Colleagues of Rotorua district councillor Charles Sturt are calling for him to change his "disruptive" ways before deciding whether to stand in next year's elections.
Councillor Mike McVicker said Mr Sturt was disruptive at council meetings and had been for the past two years since the last election. He had missed out on being mayor and was overlooked for a senior position after previously chairing the then finance committee.
"Ever since then he has been like an angry bear in a forest."
Mr Sturt disputed that but admitted he was guilty of being disruptive. "That is my job as an elected councillor ... I don't disagree with everything ... I'm not a rude type of person but when I make my point I make it with voracity. I don't attack the person. I attack what they are saying."
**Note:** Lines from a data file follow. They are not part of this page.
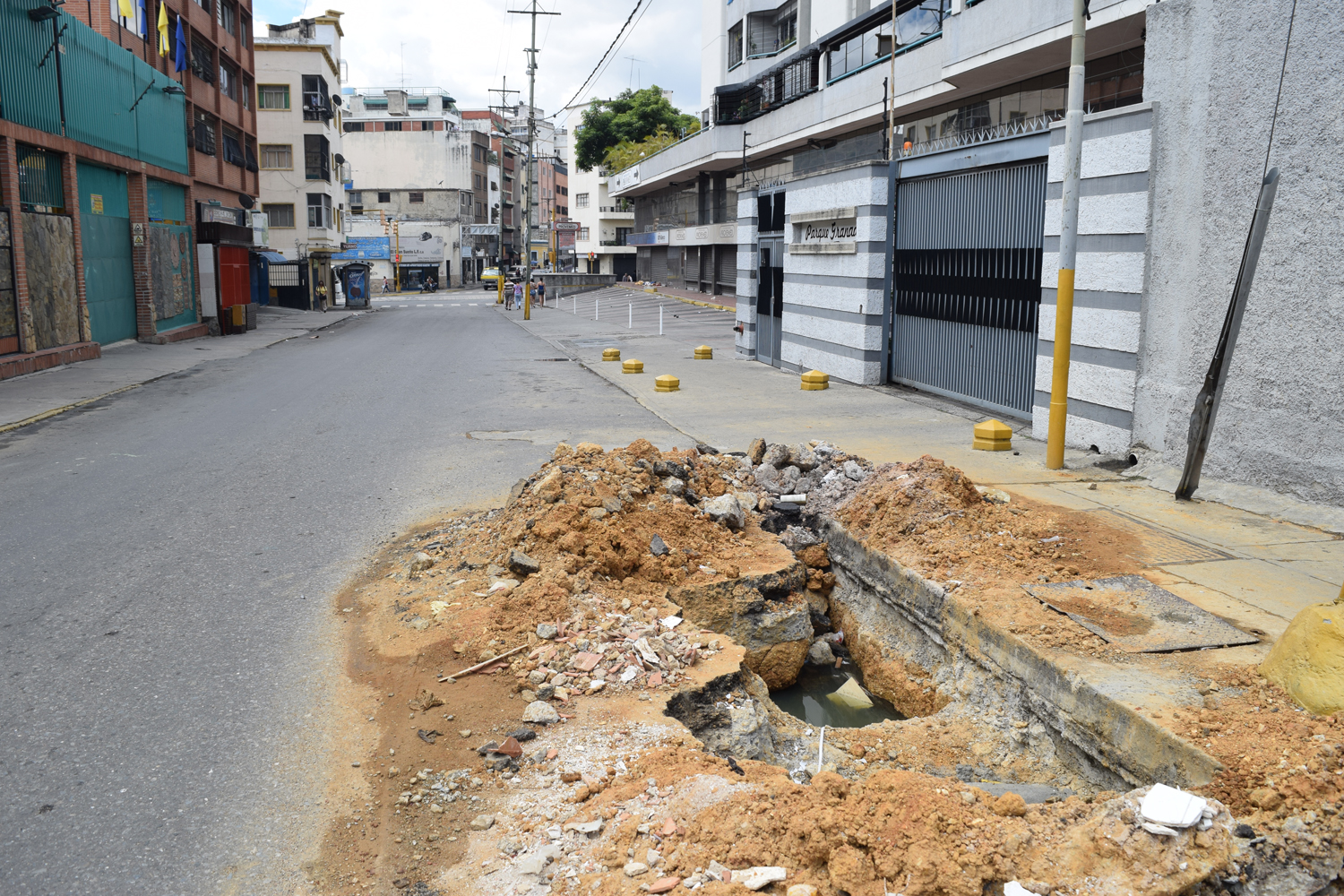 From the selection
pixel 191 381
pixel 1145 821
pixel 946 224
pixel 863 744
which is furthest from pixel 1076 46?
pixel 191 381

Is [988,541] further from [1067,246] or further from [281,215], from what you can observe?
[281,215]

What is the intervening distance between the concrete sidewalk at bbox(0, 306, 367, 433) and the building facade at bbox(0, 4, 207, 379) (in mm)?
590

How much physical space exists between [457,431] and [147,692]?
8.25m

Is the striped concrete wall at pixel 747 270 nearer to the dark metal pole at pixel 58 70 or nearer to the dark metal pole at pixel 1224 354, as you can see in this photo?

Asked if Mr Sturt should stand for the council next year, Mr McVicker said Mr Sturt was a skilled debater and had a lot to offer but he was not sure he should stand again if he did not change his ways.
"If he is not prepared to change his belligerent manner with everyone and everything, no. If he does accept what's happened, can be positive and make a contribution, yes - the ball's in his court."
Mr McVicker made the call after a letter was written by Mr Sturt and published in another paper in which he stated "If you want a Noddy on council who just accepts everything put in front of him, I take it you won't support me at the next council elections".
Mr McVicker said Mr Sturt had "taken it too far" and so he sent a letter in reply which was signed by four councillors - Maggie Bentley, Julie Calnan, Dave Donaldson and Karen Hunt.
"Referring to us as Noddys that was enough for me ... I don't see it as sour grapes, it's saying to Charles, enough is enough," Mr McVicker said.
Mr Sturt was antagonistic against Rotorua Mayor Kevin Winters and Rotorua District Council chief executive Peter Guerin and he "spoke out about everything", Mr McVicker said.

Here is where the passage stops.